At this stage I am happy to pay the interest bill of the margin loan out of my own pocket as I am trying to grow the portfolio.  However, there will come a time when it will be too great, and this is when I will shift and use dividends to cover the interest payments.

D. Limit low to no LVR stocks to 10% or less of the portfolio
Speculative stocks, new issues, or smaller companies tend to have low to no lending allowed.  However it is these stocks that usually provide the most growth, %-wise.  As such, I keep these to at most 10% of the portfolio.  This allows an exposure to these types of stocks without affecting the max LVR too much.

E. Have between 6 and 12 stocks in the portfolio at all times
Diversification protects against volatility, but too many stocks make the portfolio too difficult to manage.  I found that 6 to 12 stocks is my ideal range.

F. Always have some cash for emergency
I always keep some cash in a high-interest savings account for any left-field event that might occur.  There will be times when the LVR might go above the range and yet no stops are still hit.  In this case, I use some cash to bring the LVR back into the range temporarily.  Often, stops will get adjusted upwards so that there is sufficient protection again.  Once this has been achieved, the cash is moved out of the margin loan and back into the emergency fund.

That's it, hope that wasn't too long.  Would be glad to hear about your strategies.

Cheers,

Dennis


----------



## wayneL (24 May 2006)

G. Commodity futures

....and not just metals and oil. There are several classes of commodity futures

Energy
Stock Indexes
Metals
Livestock and Meats
Grains & Oilseeds
Foods & Fibres
Currencies
Treasuries
etc

These not only offer excellent leveraged opportunities, but also provide for non-correlated distribution of returns.

All can have extended Bull or Bear parties like the metals and energies have had recently.

Can be traded using statistical seasonal tendencies for higher probability returns ( with or without deference to Bayes'_theorem   )

Tend to be more technical in nature. (Good for us techies)


----------



## RodC (25 May 2006)

I've got a couple of margin loans.

I must admit I run them a bit harder than Dennis runs his.
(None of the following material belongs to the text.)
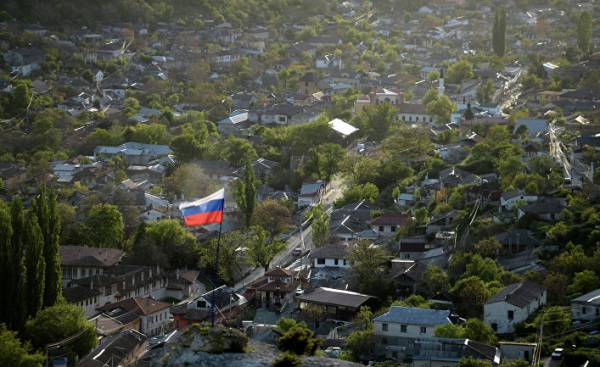 Вид на Бахчисарай со скал в Южном Крыму. 2014 год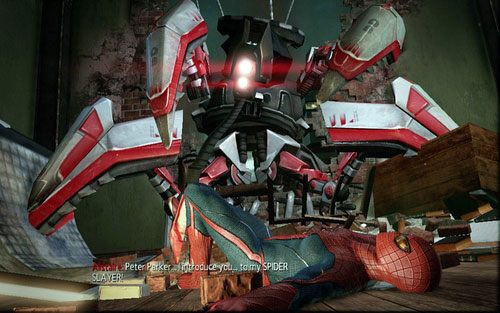 Gdy cut-scenka dobiegnie końca, zostaniesz zaatakowany przez trzy latające roboty - 09 - The Spider-Slayer - Opis przejścia - Niesamowity Spider-Man - poradnik do gry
They are usually running at around 60-65% LVR. 

Most of the stocks held have an LVR of 70-75% and only a couple have 60%.

It's very rare for me to buy something with an LVR <60%.
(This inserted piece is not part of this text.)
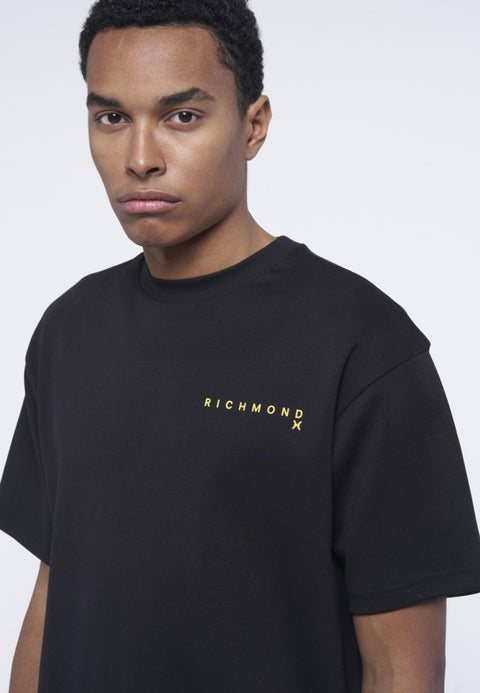 T-shirt RICHMOND X oversize logo smile sul retro nera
The last couple of corrections have just pushed the loan into the "buffer" zone but in each case 1 or 2 of the stocks has hit a stop which when sold has put the loan "back in the black".

I capitalize all interest to the loan, have never had a margin call (5 years) and have never had to delve into an emergency cash fund.

regards,

Rod.


----------



## Julia (25 May 2006)

Just a note for anyone considering a self managed super fund:  you cannot use leverage except in a very limited way.  It can be on no more than 5% of the balance of the fund and must be able to be shown to be used purely defensively.

Julia


----------



## RodC (25 May 2006)

Julia said:
			
		

> Just a note for anyone considering a self managed super fund:  you cannot use leverage except in a very limited way.  It can be on no more than 5% of the balance of the fund and must be able to be shown to be used purely defensively.
> 
> Julia




I know a super fund can't borrow, but can they purchase leveraged instruments like CFD's, Options or Warrants?

Rod.


----------



## Julia (25 May 2006)

RodC said:
			
		

> I know a super fund can't borrow, but can they purchase leveraged instruments like CFD's, Options or Warrants?
> 
> Rod.




Hello Rod

Sorry, don't know.  When I discovered how rigid the rules were I just didn't ask any further details.  

Julia


----------



## RodC (25 May 2006)

Fair enough,

Those rigid rules are one reason why I haven't yet gone down the SMSF path.

Rod.


----------



## markrmau (25 May 2006)

You can buy options and warrants. I highly doubt you can trade cfd's (but may be wrong).


----------